Longtime City Council member will face Baumgardner for District 57 seat

Steve Ivancie

— Former longtime Steamboat Springs City Council member Steve Ivancie will attempt to disrupt the Republican hold on Colorado State House District 57. Ivancie confirmed Monday that he plans to run against incumbent Randy Baumgardner in the November election.

Ivancie, a Democrat who served on the City Council for eight years, was term-limited and left the council in November 2009. He acknowledged that although he's entering the race a bit late, it's the right decision to make.

"I should have made this decision earlier, but I sat down with my wife and other people who have been very supportive of me" and decided to run, he said. "I said, 'Well, it's about time to step up to the plate and make a decision.'"

Ivancie is running in a district that traditionally goes Republican. Baumgardner beat Democrat Todd Hagenbuch in 2008. Prior to that, state Sen. Al White, R-Hayden, held the seat for eight years. House District 57 includes Routt, Moffat, Grand, Garfield, Rio Blanco and Jackson counties. And although Routt County has voted Democratic in recent years, a strong Republican vote in the other counties has carried Election Day for GOP candidates.

Ivancie said he isn't concerned about party affiliations because he bases his decisions on facts, not the party line.

"I think people are tired of parties, both parties, winning elections for partisan purposes," he said. "It's a new era, and we don't have the luxury of being as partisan as we have been in the past."

Baumgardner said he will not rely on the Republican tradition in the district to help him retain his seat.

"Nothing is safe. You have to get out and do your best," he said. "I have a voting record, though, that people can look at now after two years. That'll be the difference, I think."

Tackling the issues

Ivancie said several of the issues he wants to address include three controversial November ballot initiatives and education funding. Proposed state constitutional Amendments 60 and 61 and Proposition 101 aim to reduce government spending and taxation.

"I consider myself a fiscal conservative, but we have to be careful we don't overreact to these things because it could make it very difficult for our local government to deal with the things they need to do," he said.

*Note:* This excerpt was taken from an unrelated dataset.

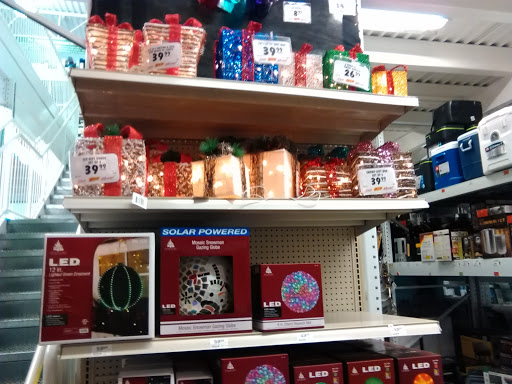 Home Improvement Store «Menards», reviews and photos, 121 Frances Ln, Beaver Dam, WI 53916, USA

Ivancie also stressed that he wants to cooperate with other legislators, something he said isn't happening now.

"We need to have some representation in District 57, and I think our representation is sorely lacking," he said. "We need to have someone who can represent the district who has some experience and looks for collaboration in the other lawmakers."

Ivancie said he wants to create a team of pragmatists to deal with problems and bring jobs to Northwest Colorado.

"My feeling is that it's time for us to position ourselves for an economic recovery and make sure Northwest Colorado is ahead of the curve, and we can create jobs," he said.

Baumgardner said he has had success working with other lawmakers on legislation and has voted for bills that will bring jobs to the district.

"I've worked very well with both sides of the aisle, my voting record will show that," he said.

Baumgardner said he voted on renewable energy bills and a bill that "kept the coal industry alive," bills that he said could help create jobs.

Austere campaign

Ivancie said he learned many lessons in his time on the City Council, and one that he will retain is how to run a lean campaign.

"It's very late (in the campaign season) so it's going to be a very austere and conservative campaign," he said. "Even when I ran for council I didn't believe in spending money on ads and things."

He said he plans to travel throughout the district and introduce himself to constituents. Ivancie said he has held jobs that encompass aspects from all across the district. He has worked as a miner, on a ranch, as a ski patroller and as a project manager.

"I learned a lot of very valuable lessons from my years as councilperson," he said, alluding to working with diverse council members and on divisive issues.

"I want to take that experience to the next level."